(RECORDS FOR THE TASK)
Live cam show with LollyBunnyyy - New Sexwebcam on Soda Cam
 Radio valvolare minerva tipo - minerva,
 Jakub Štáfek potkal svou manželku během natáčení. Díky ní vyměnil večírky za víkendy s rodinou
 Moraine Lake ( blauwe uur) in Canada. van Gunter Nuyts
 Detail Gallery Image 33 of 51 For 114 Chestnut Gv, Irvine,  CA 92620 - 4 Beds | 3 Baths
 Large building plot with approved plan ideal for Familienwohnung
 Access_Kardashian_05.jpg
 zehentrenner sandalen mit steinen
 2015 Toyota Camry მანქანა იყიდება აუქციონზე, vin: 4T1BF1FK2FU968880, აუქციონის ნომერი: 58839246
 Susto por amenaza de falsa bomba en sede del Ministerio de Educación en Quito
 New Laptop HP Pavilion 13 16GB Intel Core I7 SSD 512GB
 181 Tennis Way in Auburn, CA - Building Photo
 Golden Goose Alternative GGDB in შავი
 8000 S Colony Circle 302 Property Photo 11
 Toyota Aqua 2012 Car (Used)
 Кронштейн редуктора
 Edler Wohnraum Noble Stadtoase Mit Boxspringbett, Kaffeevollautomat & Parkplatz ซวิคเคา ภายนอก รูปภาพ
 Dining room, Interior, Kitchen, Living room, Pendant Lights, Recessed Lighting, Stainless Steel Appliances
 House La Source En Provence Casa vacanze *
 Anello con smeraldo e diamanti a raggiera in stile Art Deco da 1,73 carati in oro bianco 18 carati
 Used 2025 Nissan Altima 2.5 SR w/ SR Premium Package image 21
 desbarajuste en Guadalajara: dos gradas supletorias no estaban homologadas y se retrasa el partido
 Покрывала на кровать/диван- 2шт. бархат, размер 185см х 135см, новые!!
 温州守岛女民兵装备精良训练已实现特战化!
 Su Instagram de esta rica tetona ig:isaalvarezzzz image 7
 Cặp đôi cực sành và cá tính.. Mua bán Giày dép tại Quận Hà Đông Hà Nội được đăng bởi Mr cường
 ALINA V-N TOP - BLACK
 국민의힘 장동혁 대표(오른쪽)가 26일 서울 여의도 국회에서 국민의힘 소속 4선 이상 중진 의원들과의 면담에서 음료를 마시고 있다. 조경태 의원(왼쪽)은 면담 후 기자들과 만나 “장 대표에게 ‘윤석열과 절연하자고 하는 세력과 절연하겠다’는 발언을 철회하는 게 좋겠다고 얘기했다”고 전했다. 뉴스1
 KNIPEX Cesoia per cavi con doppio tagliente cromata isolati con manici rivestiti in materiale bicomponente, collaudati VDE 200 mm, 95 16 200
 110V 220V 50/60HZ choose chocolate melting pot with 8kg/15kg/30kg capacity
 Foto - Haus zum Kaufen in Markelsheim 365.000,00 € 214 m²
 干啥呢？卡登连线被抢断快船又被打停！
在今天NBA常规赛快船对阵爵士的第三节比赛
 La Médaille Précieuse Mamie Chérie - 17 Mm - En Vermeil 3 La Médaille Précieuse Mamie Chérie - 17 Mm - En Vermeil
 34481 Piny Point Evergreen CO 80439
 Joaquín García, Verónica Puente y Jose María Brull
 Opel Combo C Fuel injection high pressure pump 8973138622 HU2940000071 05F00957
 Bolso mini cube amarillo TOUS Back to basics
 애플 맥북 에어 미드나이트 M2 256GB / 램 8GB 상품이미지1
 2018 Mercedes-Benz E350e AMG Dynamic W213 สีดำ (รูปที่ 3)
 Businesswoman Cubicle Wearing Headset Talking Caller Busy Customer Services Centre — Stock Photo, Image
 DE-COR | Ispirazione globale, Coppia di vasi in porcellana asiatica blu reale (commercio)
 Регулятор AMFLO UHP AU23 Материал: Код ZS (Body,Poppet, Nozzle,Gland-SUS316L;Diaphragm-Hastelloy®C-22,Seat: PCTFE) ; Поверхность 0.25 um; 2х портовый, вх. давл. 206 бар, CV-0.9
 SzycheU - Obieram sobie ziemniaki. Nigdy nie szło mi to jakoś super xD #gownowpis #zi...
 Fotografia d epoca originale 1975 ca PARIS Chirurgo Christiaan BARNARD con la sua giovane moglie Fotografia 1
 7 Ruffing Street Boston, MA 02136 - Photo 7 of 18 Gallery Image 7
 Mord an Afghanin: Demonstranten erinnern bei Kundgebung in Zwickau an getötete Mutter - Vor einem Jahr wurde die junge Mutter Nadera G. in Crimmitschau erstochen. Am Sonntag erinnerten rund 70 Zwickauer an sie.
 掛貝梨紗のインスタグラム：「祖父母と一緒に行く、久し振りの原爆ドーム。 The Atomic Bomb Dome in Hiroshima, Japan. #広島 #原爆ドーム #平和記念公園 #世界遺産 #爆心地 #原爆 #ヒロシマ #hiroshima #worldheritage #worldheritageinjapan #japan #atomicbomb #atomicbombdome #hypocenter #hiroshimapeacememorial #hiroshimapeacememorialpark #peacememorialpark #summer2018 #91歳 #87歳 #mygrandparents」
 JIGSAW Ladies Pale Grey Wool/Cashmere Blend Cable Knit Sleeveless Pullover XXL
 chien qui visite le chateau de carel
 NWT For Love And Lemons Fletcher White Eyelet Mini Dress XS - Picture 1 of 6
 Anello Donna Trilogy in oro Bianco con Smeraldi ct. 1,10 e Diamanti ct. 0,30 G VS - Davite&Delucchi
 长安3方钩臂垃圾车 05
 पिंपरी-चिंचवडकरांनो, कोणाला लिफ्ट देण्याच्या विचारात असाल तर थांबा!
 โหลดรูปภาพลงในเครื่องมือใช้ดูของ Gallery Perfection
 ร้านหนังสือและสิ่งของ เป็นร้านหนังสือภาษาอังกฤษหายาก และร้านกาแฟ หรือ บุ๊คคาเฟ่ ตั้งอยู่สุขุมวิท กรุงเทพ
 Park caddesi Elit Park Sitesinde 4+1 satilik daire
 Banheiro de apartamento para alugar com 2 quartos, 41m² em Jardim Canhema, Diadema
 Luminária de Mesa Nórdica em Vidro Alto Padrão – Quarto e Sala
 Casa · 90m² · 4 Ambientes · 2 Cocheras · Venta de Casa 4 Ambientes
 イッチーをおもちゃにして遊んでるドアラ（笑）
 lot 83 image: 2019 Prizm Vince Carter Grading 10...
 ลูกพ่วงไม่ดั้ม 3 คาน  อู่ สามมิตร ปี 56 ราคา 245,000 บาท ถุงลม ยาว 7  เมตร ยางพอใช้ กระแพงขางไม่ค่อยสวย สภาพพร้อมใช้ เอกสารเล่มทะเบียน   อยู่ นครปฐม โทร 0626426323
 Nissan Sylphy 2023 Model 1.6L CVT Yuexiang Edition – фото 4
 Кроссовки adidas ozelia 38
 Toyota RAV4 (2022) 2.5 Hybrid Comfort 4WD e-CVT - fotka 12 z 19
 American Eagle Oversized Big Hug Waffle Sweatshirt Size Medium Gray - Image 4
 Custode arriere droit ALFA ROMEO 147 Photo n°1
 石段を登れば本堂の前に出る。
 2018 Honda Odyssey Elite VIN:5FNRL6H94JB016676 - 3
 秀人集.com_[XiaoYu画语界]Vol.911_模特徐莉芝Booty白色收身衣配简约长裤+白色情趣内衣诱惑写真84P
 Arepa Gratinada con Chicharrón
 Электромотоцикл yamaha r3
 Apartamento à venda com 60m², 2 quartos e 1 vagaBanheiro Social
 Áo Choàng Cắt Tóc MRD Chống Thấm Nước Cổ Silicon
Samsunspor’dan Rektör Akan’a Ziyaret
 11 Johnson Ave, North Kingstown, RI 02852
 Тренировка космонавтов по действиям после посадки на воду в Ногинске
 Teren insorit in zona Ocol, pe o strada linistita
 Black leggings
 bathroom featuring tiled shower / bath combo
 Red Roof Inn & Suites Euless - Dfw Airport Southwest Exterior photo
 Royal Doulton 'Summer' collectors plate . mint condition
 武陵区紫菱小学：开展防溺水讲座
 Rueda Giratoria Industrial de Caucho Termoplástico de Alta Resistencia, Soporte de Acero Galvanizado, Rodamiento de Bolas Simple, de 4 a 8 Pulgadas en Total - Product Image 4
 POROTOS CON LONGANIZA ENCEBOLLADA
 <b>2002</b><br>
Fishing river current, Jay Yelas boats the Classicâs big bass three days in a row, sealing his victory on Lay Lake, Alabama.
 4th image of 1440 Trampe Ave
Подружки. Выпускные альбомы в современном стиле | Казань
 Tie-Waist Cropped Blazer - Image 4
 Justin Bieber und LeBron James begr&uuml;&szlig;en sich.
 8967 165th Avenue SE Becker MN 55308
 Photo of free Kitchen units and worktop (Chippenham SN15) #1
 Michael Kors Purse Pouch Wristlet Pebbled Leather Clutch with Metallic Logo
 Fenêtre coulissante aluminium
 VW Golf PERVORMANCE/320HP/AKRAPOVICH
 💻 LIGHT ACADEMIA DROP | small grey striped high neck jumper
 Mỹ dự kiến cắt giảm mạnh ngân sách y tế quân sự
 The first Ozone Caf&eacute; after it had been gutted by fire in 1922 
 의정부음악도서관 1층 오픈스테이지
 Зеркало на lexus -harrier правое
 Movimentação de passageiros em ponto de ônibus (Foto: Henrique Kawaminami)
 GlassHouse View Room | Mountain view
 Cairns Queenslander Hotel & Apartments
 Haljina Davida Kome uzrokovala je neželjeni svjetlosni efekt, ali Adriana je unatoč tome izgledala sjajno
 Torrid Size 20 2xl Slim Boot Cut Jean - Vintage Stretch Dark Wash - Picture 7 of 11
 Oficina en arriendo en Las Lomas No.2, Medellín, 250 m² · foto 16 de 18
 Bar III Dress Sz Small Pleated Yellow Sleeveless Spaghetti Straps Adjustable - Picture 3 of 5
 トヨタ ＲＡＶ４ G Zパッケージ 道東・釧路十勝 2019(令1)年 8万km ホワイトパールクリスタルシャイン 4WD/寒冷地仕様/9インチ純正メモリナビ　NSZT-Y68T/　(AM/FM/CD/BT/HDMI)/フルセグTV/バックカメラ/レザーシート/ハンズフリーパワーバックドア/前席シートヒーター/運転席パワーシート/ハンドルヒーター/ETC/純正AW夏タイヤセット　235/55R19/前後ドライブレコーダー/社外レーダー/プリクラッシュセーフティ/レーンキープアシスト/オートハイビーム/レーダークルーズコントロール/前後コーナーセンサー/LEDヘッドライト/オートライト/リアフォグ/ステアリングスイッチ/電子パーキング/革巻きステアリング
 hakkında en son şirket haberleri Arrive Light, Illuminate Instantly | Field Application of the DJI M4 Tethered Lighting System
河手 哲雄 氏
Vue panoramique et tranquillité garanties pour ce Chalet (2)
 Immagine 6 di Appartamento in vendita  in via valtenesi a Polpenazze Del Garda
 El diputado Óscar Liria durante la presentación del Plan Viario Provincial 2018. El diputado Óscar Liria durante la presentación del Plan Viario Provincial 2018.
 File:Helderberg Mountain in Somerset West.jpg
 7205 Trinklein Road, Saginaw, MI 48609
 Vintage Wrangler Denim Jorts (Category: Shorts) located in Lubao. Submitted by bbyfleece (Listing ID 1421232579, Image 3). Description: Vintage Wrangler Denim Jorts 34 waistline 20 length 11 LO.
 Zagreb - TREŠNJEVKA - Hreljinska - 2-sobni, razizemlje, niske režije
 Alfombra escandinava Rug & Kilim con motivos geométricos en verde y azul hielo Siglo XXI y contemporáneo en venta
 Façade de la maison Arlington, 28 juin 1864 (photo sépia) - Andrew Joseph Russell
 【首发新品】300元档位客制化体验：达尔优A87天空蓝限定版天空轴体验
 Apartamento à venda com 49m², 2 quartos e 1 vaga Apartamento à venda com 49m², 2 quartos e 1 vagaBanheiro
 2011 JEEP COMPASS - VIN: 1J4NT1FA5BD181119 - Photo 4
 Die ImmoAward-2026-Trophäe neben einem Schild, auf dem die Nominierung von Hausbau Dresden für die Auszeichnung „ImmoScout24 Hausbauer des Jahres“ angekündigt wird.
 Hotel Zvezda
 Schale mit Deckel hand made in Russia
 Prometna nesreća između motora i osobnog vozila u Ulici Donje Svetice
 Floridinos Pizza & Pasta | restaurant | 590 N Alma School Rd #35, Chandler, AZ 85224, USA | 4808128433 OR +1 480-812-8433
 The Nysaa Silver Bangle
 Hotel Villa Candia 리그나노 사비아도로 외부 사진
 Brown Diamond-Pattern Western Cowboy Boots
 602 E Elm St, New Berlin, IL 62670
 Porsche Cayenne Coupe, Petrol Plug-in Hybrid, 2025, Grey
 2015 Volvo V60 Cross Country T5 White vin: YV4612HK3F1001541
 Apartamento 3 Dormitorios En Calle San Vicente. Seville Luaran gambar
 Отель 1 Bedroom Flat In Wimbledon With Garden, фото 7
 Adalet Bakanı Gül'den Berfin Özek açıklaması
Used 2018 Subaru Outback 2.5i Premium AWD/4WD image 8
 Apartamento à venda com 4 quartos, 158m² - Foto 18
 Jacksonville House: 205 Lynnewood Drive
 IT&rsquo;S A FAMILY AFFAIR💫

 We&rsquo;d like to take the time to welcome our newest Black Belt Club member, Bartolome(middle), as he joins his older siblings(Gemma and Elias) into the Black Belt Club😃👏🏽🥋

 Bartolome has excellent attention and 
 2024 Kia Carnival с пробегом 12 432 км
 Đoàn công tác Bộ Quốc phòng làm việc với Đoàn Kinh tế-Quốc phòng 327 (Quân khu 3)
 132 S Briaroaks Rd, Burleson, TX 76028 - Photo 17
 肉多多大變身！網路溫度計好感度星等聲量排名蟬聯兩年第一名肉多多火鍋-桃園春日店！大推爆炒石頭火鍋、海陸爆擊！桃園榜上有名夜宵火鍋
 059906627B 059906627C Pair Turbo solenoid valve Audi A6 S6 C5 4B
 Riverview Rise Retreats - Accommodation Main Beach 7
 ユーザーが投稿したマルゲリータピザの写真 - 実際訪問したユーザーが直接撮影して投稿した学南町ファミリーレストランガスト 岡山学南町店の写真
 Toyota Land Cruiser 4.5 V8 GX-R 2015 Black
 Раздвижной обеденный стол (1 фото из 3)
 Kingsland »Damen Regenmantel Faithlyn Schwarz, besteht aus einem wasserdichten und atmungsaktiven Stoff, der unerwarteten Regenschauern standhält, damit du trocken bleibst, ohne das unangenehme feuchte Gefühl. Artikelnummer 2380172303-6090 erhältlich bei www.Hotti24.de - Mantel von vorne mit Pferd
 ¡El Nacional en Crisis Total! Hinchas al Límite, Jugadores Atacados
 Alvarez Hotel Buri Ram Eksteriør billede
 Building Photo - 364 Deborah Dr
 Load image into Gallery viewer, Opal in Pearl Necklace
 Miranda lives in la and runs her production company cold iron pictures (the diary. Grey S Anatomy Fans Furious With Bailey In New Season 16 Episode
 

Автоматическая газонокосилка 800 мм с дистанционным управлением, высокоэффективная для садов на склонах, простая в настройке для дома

(EXERCISE DETAILS) What is the number of lines in the records holding "Casa"? Give the number alone.

(TASK SOLUTION) 2